## TASK MATERIAL
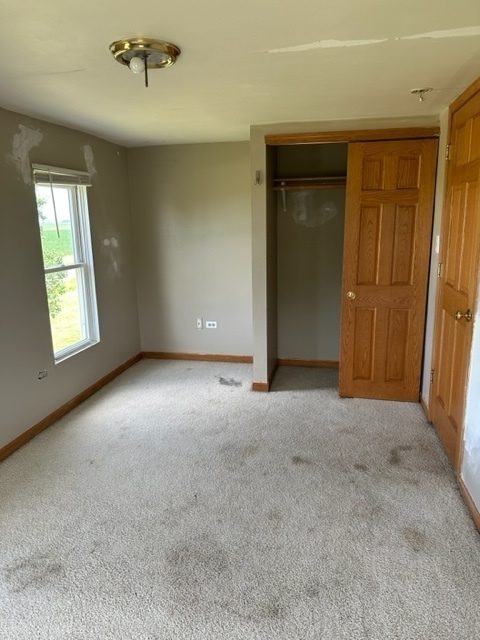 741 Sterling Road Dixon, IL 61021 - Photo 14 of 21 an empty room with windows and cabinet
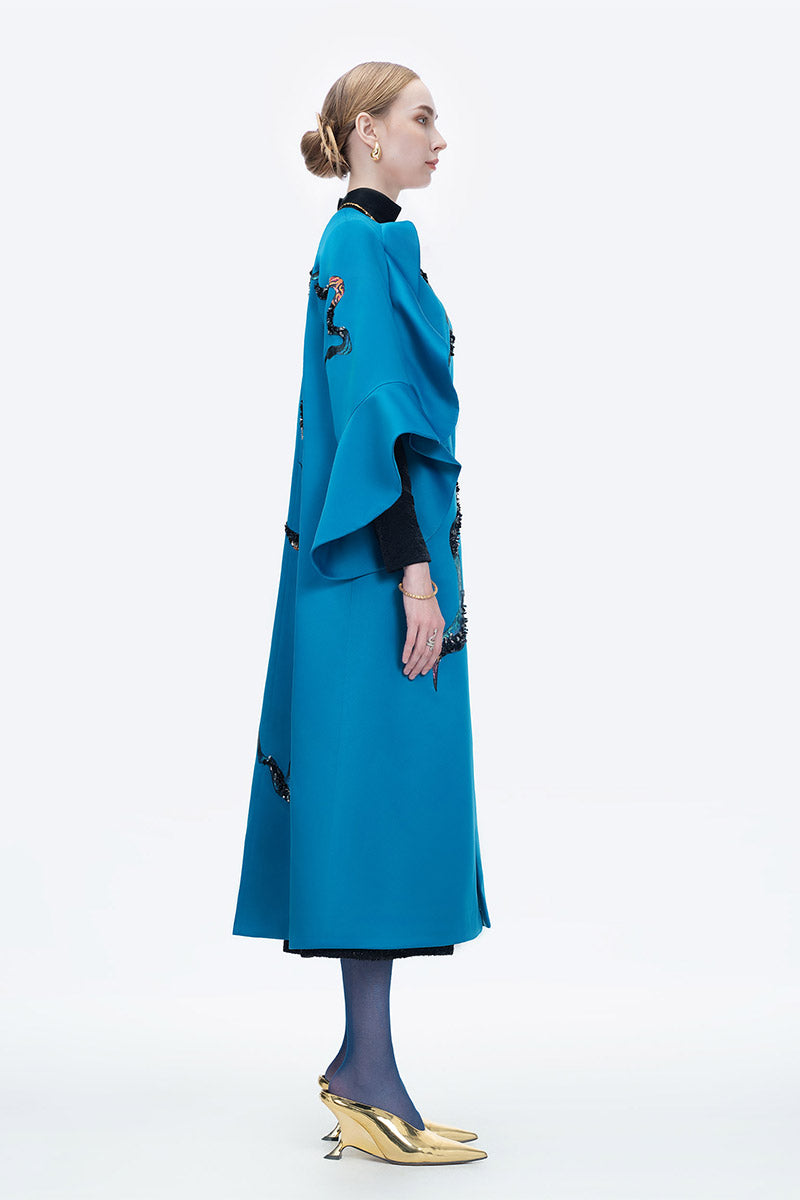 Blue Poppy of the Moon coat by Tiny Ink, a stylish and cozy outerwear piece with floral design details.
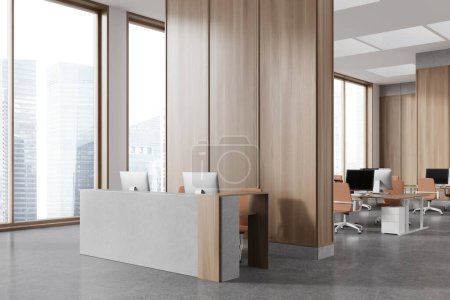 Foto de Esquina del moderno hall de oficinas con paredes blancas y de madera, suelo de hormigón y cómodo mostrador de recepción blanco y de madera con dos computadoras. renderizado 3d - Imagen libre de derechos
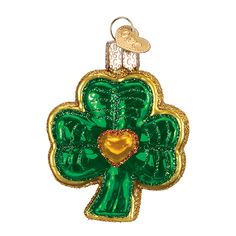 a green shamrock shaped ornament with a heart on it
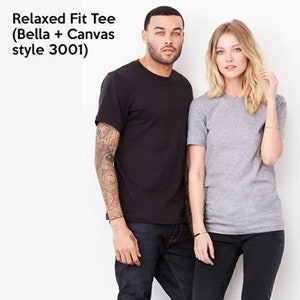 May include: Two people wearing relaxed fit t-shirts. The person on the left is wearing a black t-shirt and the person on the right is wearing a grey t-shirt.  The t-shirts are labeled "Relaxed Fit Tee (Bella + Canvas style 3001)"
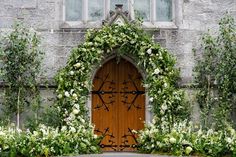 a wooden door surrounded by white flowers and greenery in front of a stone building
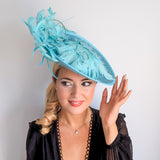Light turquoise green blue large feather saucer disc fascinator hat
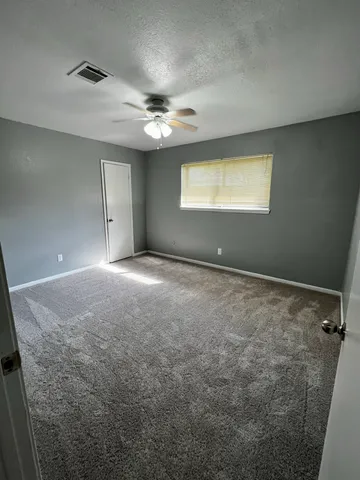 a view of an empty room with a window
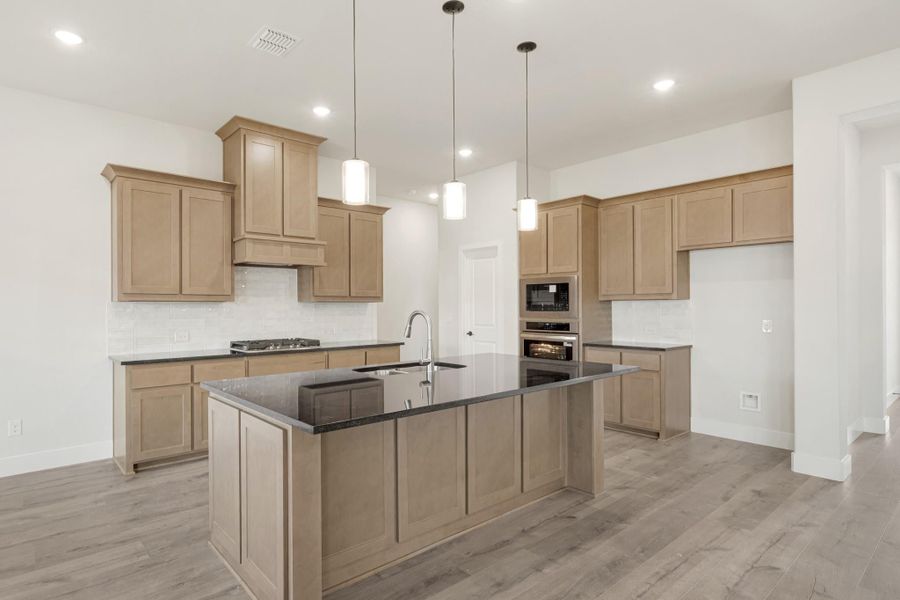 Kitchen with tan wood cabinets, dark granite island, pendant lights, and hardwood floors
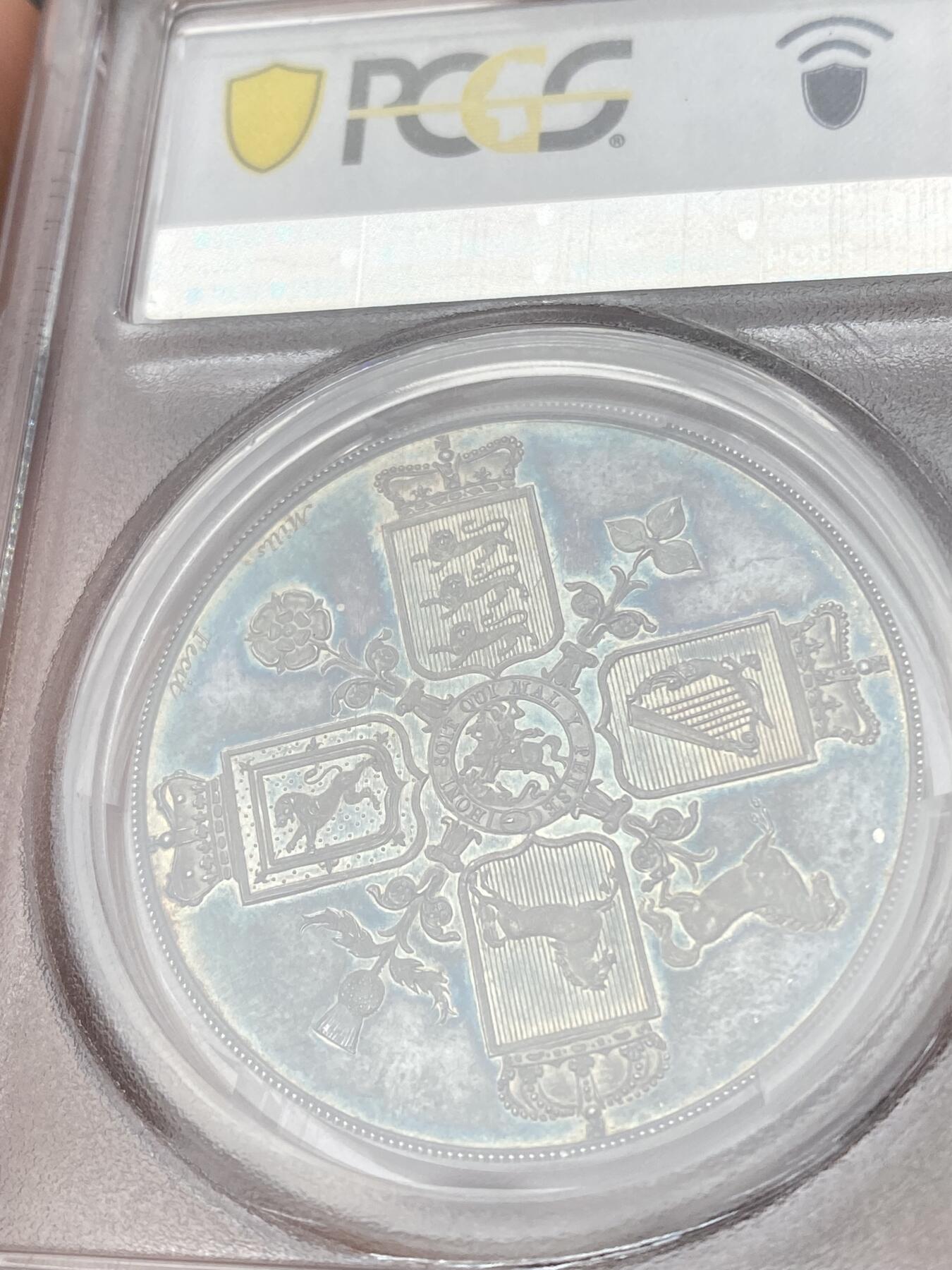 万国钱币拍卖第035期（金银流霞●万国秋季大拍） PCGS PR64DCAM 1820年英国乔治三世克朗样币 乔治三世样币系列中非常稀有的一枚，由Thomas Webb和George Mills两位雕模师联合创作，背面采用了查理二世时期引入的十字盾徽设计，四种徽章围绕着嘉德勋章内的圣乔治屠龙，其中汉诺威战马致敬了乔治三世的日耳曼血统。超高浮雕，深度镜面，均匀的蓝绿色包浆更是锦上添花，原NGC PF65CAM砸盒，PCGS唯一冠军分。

## TASK PROMPT
Your answer must be the lines from the one containing "Light turquoise green" through the last line of the listing above, restated word for word, with no pictures.

## RESPONSE TO THE EXERCISE
Light turquoise green blue large feather saucer disc fascinator hat
 a view of an empty room with a window
 Kitchen with tan wood cabinets, dark granite island, pendant lights, and hardwood floors
 万国钱币拍卖第035期（金银流霞●万国秋季大拍） PCGS PR64DCAM 1820年英国乔治三世克朗样币 乔治三世样币系列中非常稀有的一枚，由Thomas Webb和George Mills两位雕模师联合创作，背面采用了查理二世时期引入的十字盾徽设计，四种徽章围绕着嘉德勋章内的圣乔治屠龙，其中汉诺威战马致敬了乔治三世的日耳曼血统。超高浮雕，深度镜面，均匀的蓝绿色包浆更是锦上添花，原NGC PF65CAM砸盒，PCGS唯一冠军分。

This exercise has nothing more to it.